Imagine that you want to create a convolutional neural network, and you want to tune the number of layers and the filter size in each layer. In this case, the number of hyperparameters varies depending on the number of layers. Does Ray Tune provide a natural way to express this?
Hi @rshin, great question! Currently there is no “natural” way to do this in Ray Tune, i.e. we don’t have utilities for that. However, since our search space definition allows dependent objects with tune.sample_from, we can build this behavior with numpy.
Basically, you first sample a number of layers and then sample an array of that size. Here is an example:
from ray import tune
from ray.tune.suggest.variant_generator import generate_variants
import numpy as np
tune_config = {
"num_layers": tune.randint(1, 4),
"filter_h": tune.sample_from(
lambda spec: np.random.randint(1, 5, size=spec.config.num_layers)),
"filter_w": tune.sample_from(
lambda spec: np.random.randint(1, 5, size=spec.config.num_layers))
}
# This generates 10 variants
for _ in range(10):
for _, variant in generate_variants(dict(config=tune_config)):
config = variant["config"]
print(f"Config: {config}")
# This code will be in the training function to read the parameters
for layer in range(config["num_layers"]):
w = config["filter_w"][layer]
h = config["filter_h"][layer]
print(f"Layer 1 width={w} height={h}")
Please note though that this will only work with random and grid search and not with custom search algorithms. It will work however with schedulers like ASHA and PBT.
Yes, that makes sense! Thank you for the code example.
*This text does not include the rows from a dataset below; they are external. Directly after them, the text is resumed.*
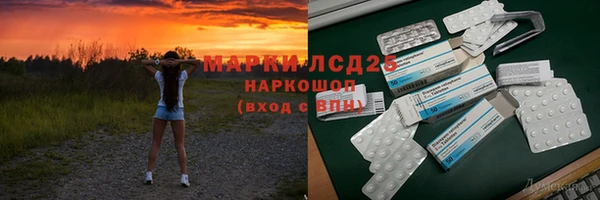 ПСИЛОЦИБИНОВЫЕ ГРИБЫ Ельня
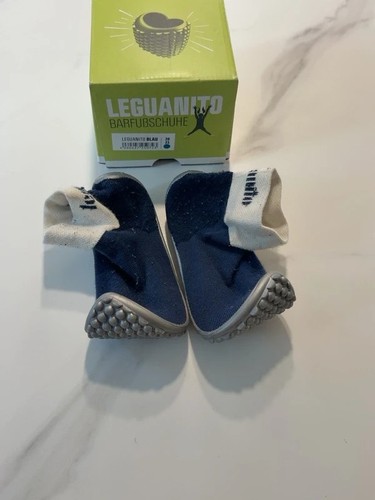 Leguano leguanito - leguano,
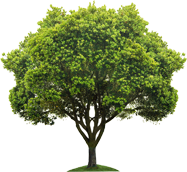 Avatar for Crown Above Tree Service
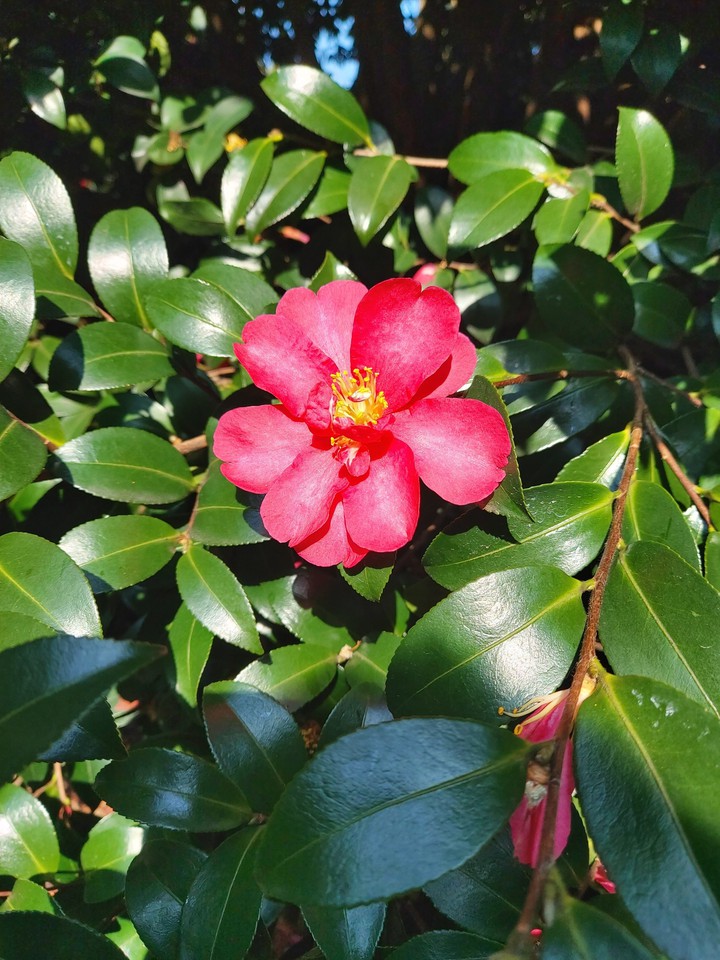 Red camellia in Jeju Island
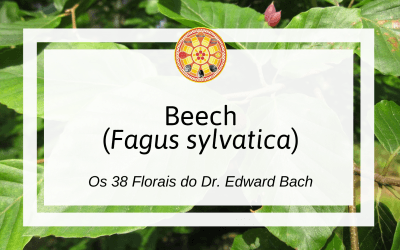 Beech – Florais de Bach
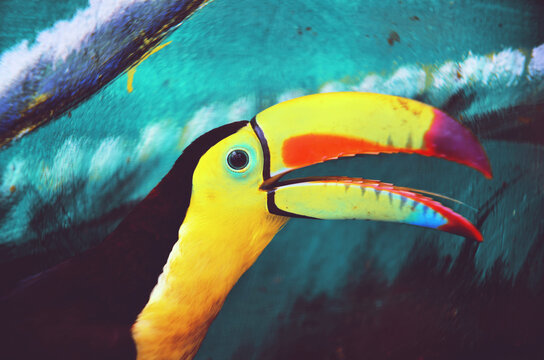 Closeup portrait of a colorful and exotic toucan bird against blue background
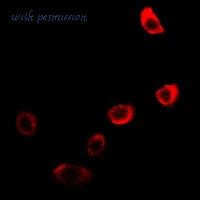 MyBioSource MBS8247528 image 2
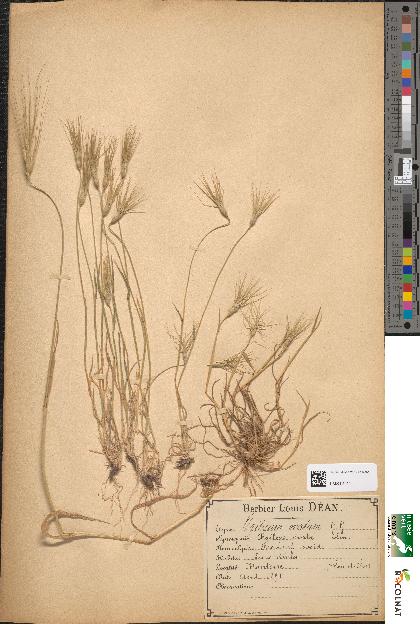 spécimen de Triticum ovatum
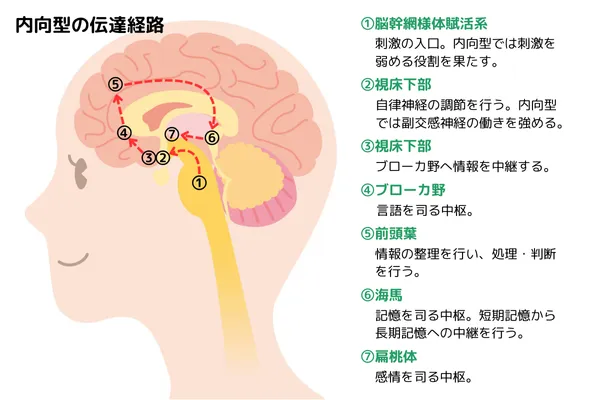 内向型の神経伝達経路画像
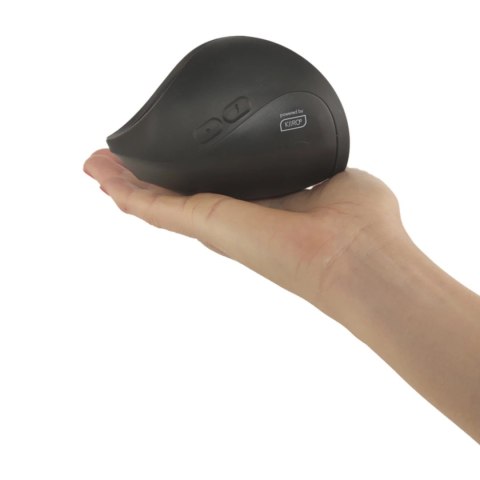 Kiiroo Pulse Solo Interactive - Intymna Maszyna z Interaktywnym Sterowaniem Kiiroo Pulse Solo Interactive - Intymna Maszyna z Interaktywnym Sterowaniem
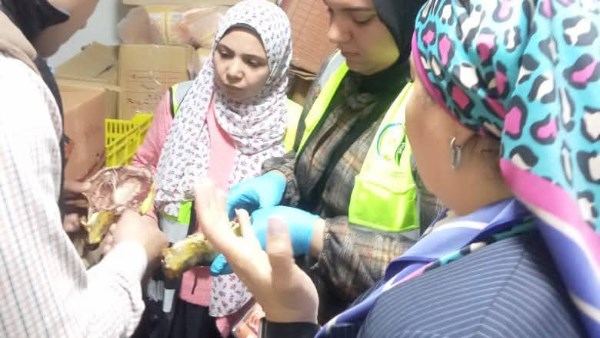 جانب من الحملة 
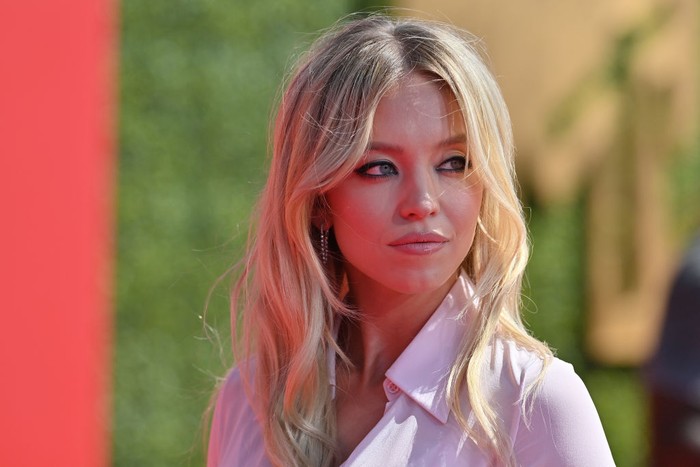 Sydney Sweeney SANTA MONICA, CALIFORNIA - JUNE 05: Sydney Sweeney attends the 2022 MTV Movie & TV Awards at Barker Hangar on June 05, 2022 in Santa Monica, California. (Photo by Axelle/Bauer-Griffin/FilmMagic)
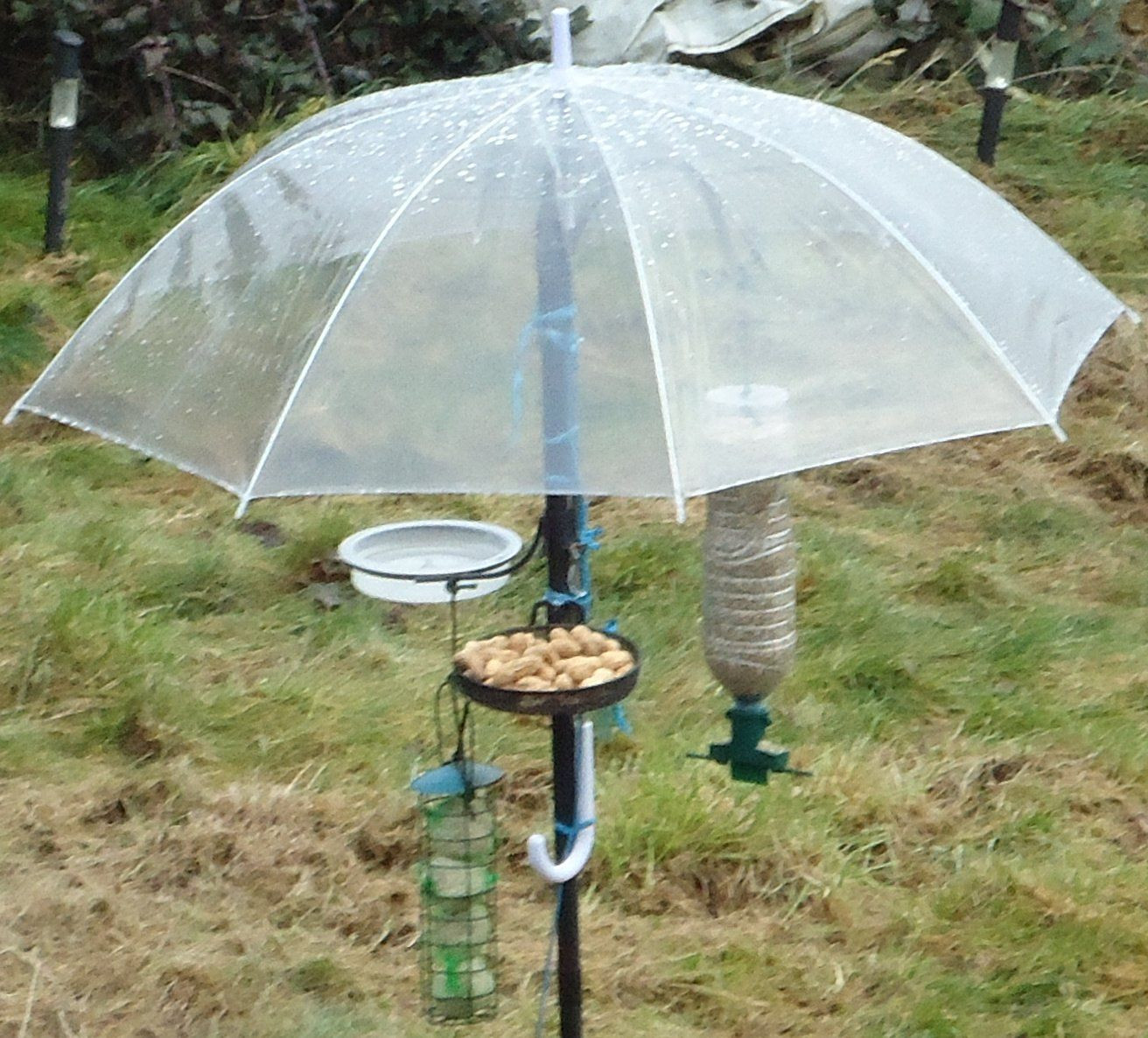 Best ideas about DIY Squirrel Baffle
. Save or Pin Here s a nice DIY baffle or rain guard Now.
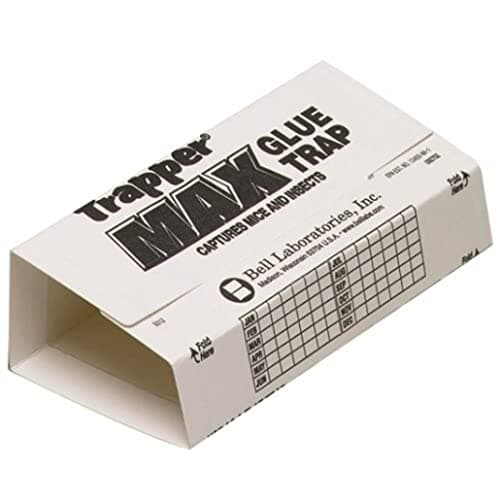 Trapper Max Glue Traps 72-Count Peanut Butter Scented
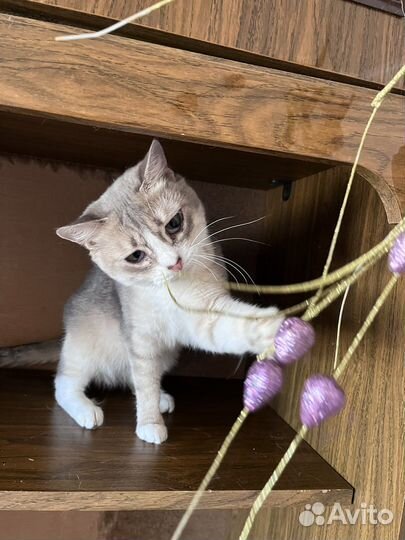 Очаровательная кошечка в добрые ручки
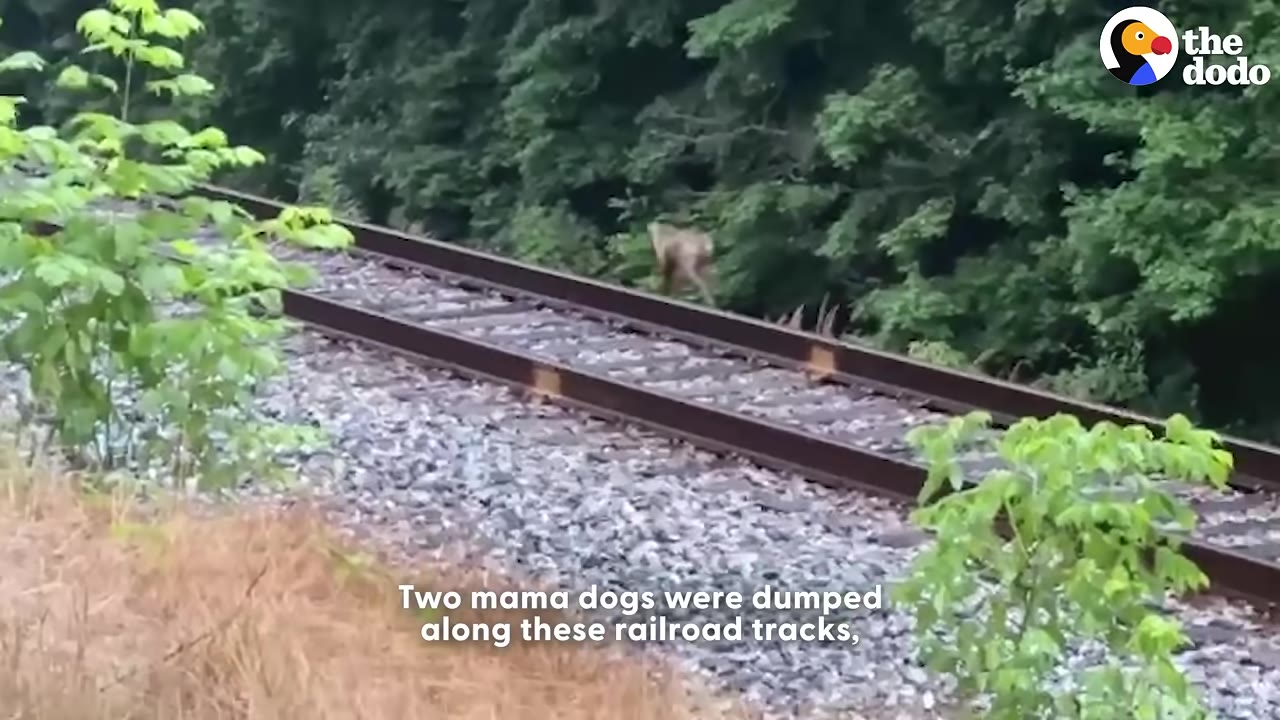 A brown dog walks along a set of railroad tracks next to a dense forest.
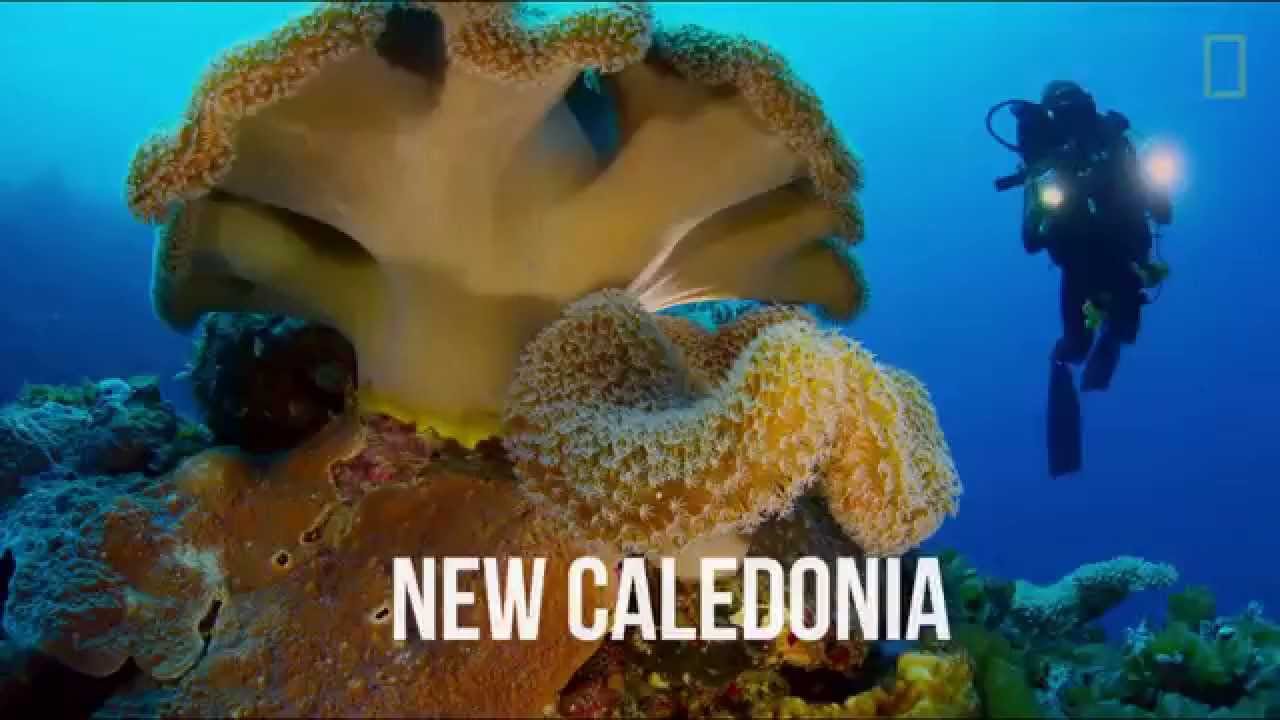 national geographic magazine app Pristine Seas: Journey to the Ocean's Last Wild Places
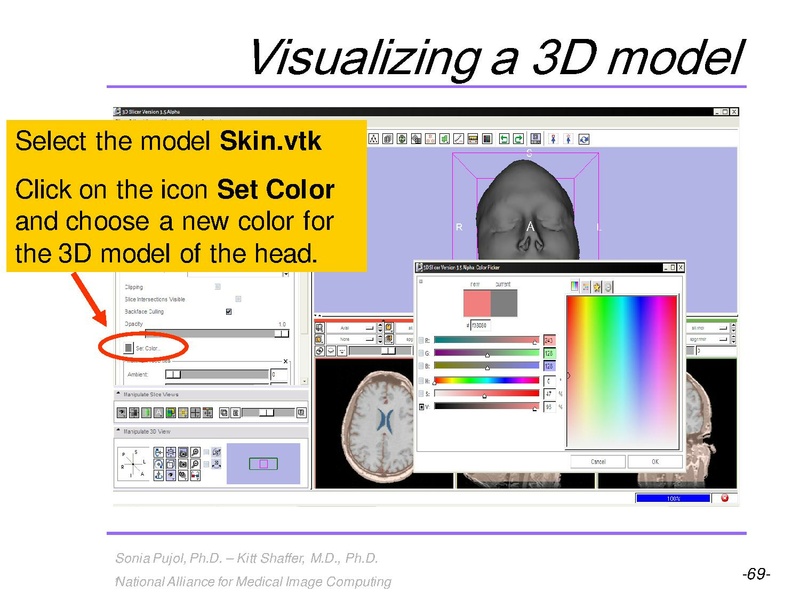File:3DVisualization SoniaPujol RSNA2009 11-30-2009.pdf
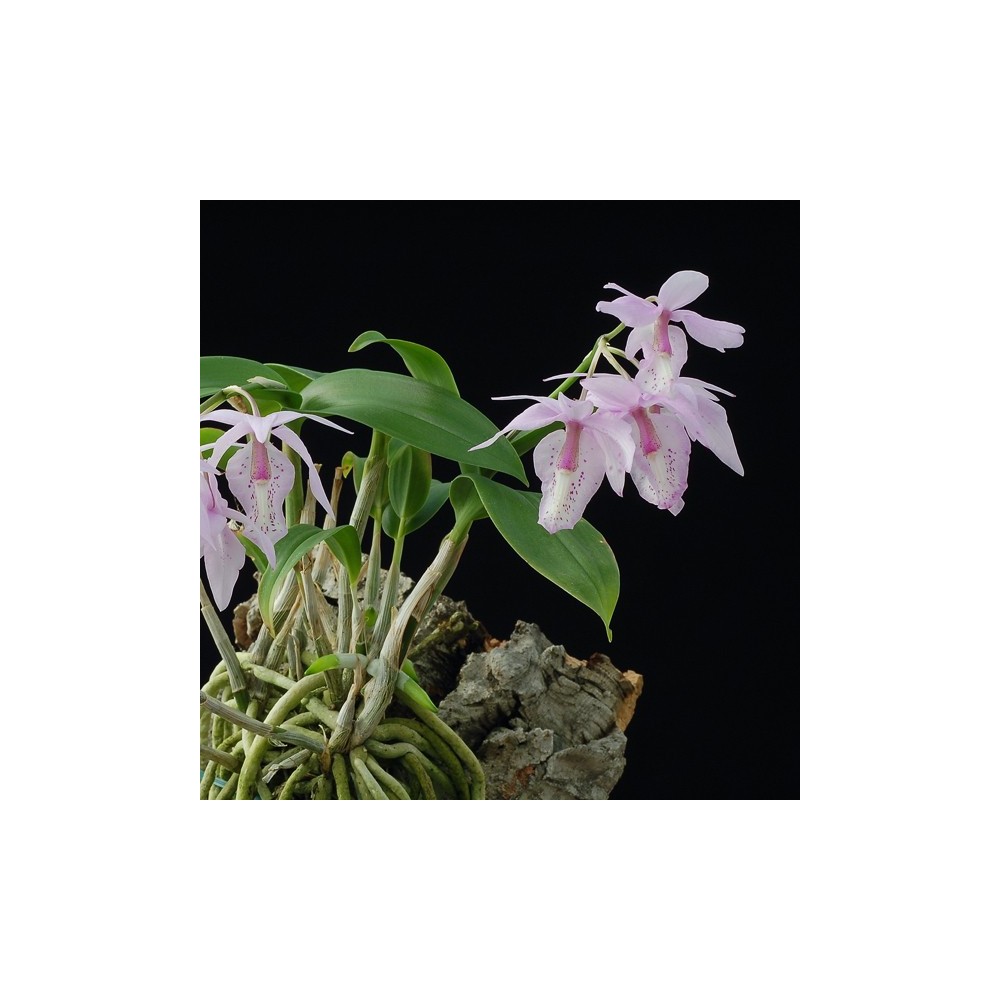 Barkeria spectabilis sur plaque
I understand that with random sampling of certain parameters that can depend on others’, we can effectively get the hierarchical behavior. However, as you mentioned, this approach only works with schedulers. Do you know if any of the search algorithms supported by Ray Tune can natively handle these kinds of search spaces, and if so, whether there are any plans to add support for it in Ray Tune in the future?